Caminando entre obuses

El destacamento del Ejército paquistaní está a apenas un kilómetro del campo base de la expedición de Álex Txikon. Un pequeño paseo por la nieve que, sin embargo, no está exento de sorpresas. En una de sus primeras visitas a los militares, casi llegando al campamento, Álex notó que el terreno bajo la nieve se volvía irregular, como si caminase entre piedras. Cuando se lo hizo saber a su amigo Fahar, el capitán-médico, este le comentó con toda naturalidad que no eran piedras, sino obuses, que tuviese «un poco» de cuidado, «que podía andar sobre ellos, pero que no les diese patadas», explica el alpinista. «Cuando me lo dijo, me dio un vuelco el corazón, aunque me tranquilicé al ver que él caminaba con toda tranquilidad». «Por si acaso», continúa, «no he vuelto a ir por ahí».

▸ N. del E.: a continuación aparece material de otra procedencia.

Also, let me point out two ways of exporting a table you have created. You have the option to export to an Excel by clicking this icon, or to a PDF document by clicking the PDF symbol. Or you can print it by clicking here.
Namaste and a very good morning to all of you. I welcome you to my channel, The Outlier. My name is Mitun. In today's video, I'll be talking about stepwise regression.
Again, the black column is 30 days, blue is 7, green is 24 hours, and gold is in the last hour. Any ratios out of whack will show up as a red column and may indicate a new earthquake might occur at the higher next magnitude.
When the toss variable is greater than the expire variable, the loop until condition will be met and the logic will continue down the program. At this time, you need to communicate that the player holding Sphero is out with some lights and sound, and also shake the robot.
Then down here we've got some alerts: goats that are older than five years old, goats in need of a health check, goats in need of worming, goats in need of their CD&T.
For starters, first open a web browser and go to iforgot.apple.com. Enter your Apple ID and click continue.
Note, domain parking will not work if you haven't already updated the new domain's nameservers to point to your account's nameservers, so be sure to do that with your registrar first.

Y es que las visitas recíprocas entre militares y alpinistas se han convertido en algo habitual. Sobre todo desde que Txikon y sus compañeros de expedición, el austriaco Gerfried Göschl y el canadiense Louis Rousseau, decidieron darles un curso básico de alpinismo al verles cómo se desenvolvían en el glaciar. «Nos quedamos alucinados la primera vez que les vimos marchar sobre el glaciar. ¡Iban en formación como si fuese un desfile!». Un suicidio colectivo si se encontraban una grieta: «Después de verles entendimos todas las historias que cuentan de destacamentos enteros desaparecidos». Así que no es extraño que «el otro día encontráramos un pierna en el glaciar. Se la dimos a ellos para ver si podían identificarla por la ropa», aclara Álex. Así son los glaciares: siempre devuelven todo lo que engullen.

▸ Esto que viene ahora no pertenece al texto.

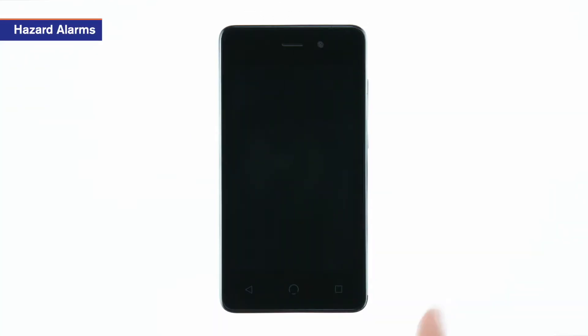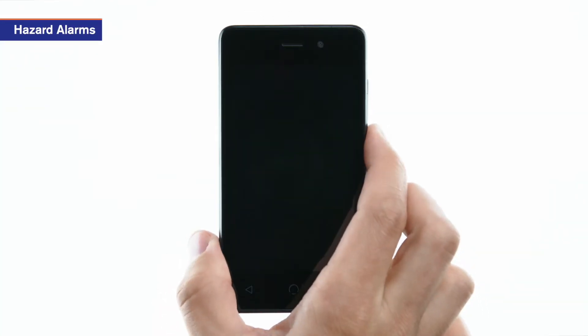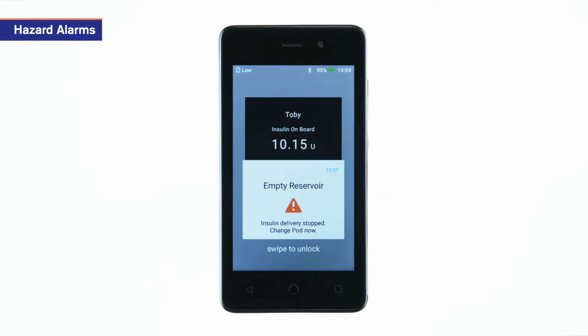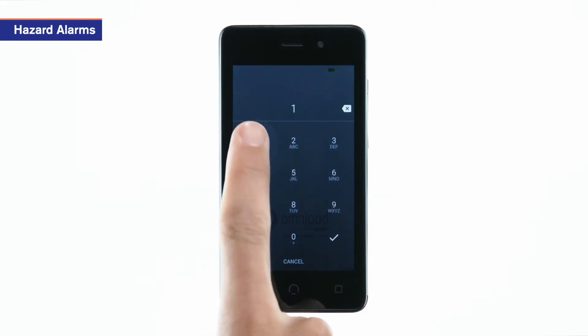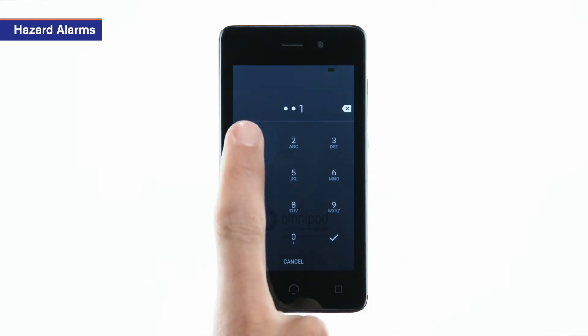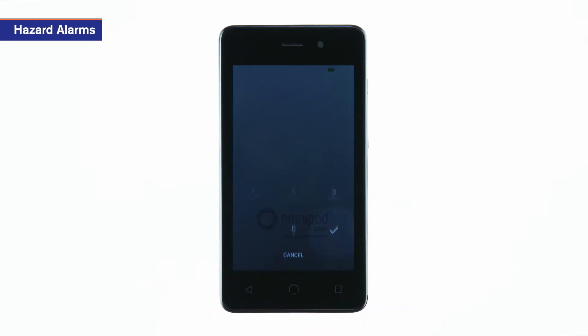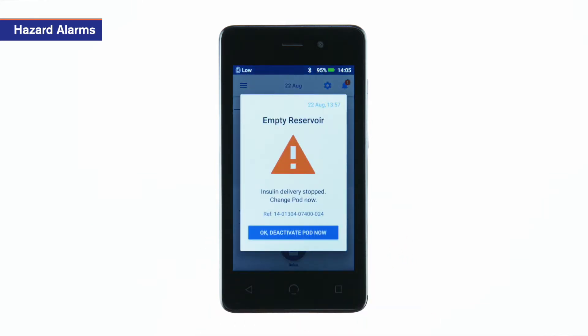To resolve a hazard alarm, wake the PDM and read the lock screen message. After entering your passcode, read the on-screen message, then tap OK on the PDM to silence the alarm.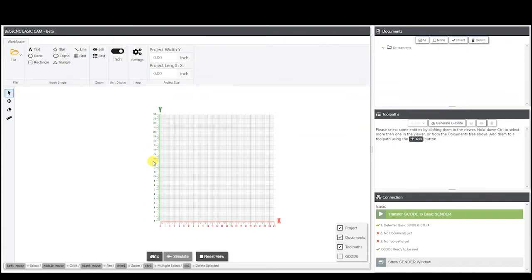Our gantry would be this big part right here that would be moving across this way, and you have your router right here — it would be attached to your white carriage and it would slide back and forth along this. And then of course you'd have your Z there that would plunge the router up and down, but that's kind of hard to illustrate here.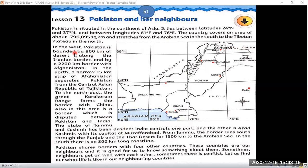In the west, Pakistan is bounded by 800 kilometers of desert along the Iranian border. Looking at the compass, the west shows the location of our neighboring country Iran, and we share about 800 kilometers of desert border with Iran. We also share a very long 2,200 kilometers border with Afghanistan.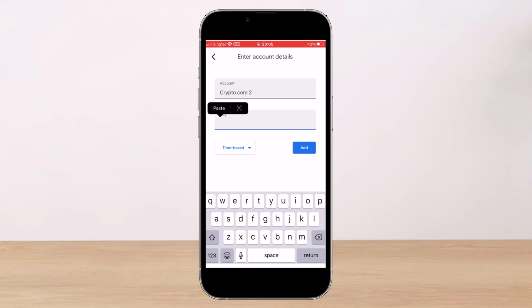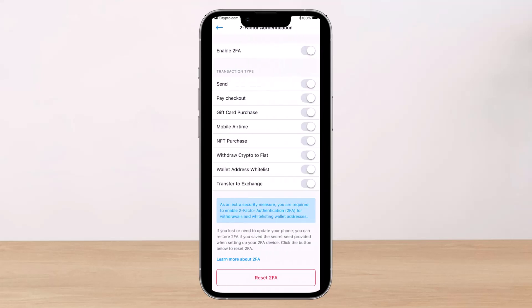In that case, navigate to the two-factor authentication tab in the settings — as you can see here. Then tap on the button that says 'Reset 2FA', which is at the bottom of the page. Now you have to confirm that you have access to your existing 2FA details.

El caso es que les propusieron unas clases básicas de escalada, encordamiento y marcha sobre glaciares. «Cuando llegamos a su campamento no salíamos de nuestro asombro. Para el frío y en general para la supervivencia diaria están bien equipados, pero en el aspecto alpinístico… ¡Solo tenían 6 mosquetones, 6 arneses y 2 pares de crampones para 35 tíos! ¡Así cómo no van a caer como moscas en las grietas!», lamenta Txikon. «Les enseñamos a encordarse en el glaciar, para que al menos si uno cae en una grieta los demás no vayan detrás». Por eso la sentencia del alpinista vasco no ofrece dudas: «No se dan cuenta que aquí su guerra es contra el glaciar sobre el que viven, no contra otro Ejército».